Return each record shown beneath, word for word.

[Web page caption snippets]
- - -

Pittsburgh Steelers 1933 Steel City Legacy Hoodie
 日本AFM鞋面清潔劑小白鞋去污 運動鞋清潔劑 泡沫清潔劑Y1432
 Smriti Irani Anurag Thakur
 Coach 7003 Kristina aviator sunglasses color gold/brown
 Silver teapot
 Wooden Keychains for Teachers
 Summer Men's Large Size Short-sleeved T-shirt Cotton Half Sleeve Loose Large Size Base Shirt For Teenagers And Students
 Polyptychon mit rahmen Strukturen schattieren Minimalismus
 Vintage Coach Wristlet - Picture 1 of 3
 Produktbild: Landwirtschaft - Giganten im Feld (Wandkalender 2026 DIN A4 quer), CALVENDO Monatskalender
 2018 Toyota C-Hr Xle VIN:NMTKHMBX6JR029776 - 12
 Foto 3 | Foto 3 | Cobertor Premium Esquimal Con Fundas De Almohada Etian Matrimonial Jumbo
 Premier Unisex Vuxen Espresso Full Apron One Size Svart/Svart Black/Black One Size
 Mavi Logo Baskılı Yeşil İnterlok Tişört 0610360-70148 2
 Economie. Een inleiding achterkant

- - -

• **Written answer**
Pittsburgh Steelers 1933 Steel City Legacy Hoodie
 日本AFM鞋面清潔劑小白鞋去污 運動鞋清潔劑 泡沫清潔劑Y1432
 Smriti Irani Anurag Thakur
 Coach 7003 Kristina aviator sunglasses color gold/brown
 Silver teapot
 Wooden Keychains for Teachers
 Summer Men's Large Size Short-sleeved T-shirt Cotton Half Sleeve Loose Large Size Base Shirt For Teenagers And Students
 Polyptychon mit rahmen Strukturen schattieren Minimalismus
 Vintage Coach Wristlet - Picture 1 of 3
 Produktbild: Landwirtschaft - Giganten im Feld (Wandkalender 2026 DIN A4 quer), CALVENDO Monatskalender
 2018 Toyota C-Hr Xle VIN:NMTKHMBX6JR029776 - 12
 Foto 3 | Foto 3 | Cobertor Premium Esquimal Con Fundas De Almohada Etian Matrimonial Jumbo
 Premier Unisex Vuxen Espresso Full Apron One Size Svart/Svart Black/Black One Size
 Mavi Logo Baskılı Yeşil İnterlok Tişört 0610360-70148 2
 Economie. Een inleiding achterkant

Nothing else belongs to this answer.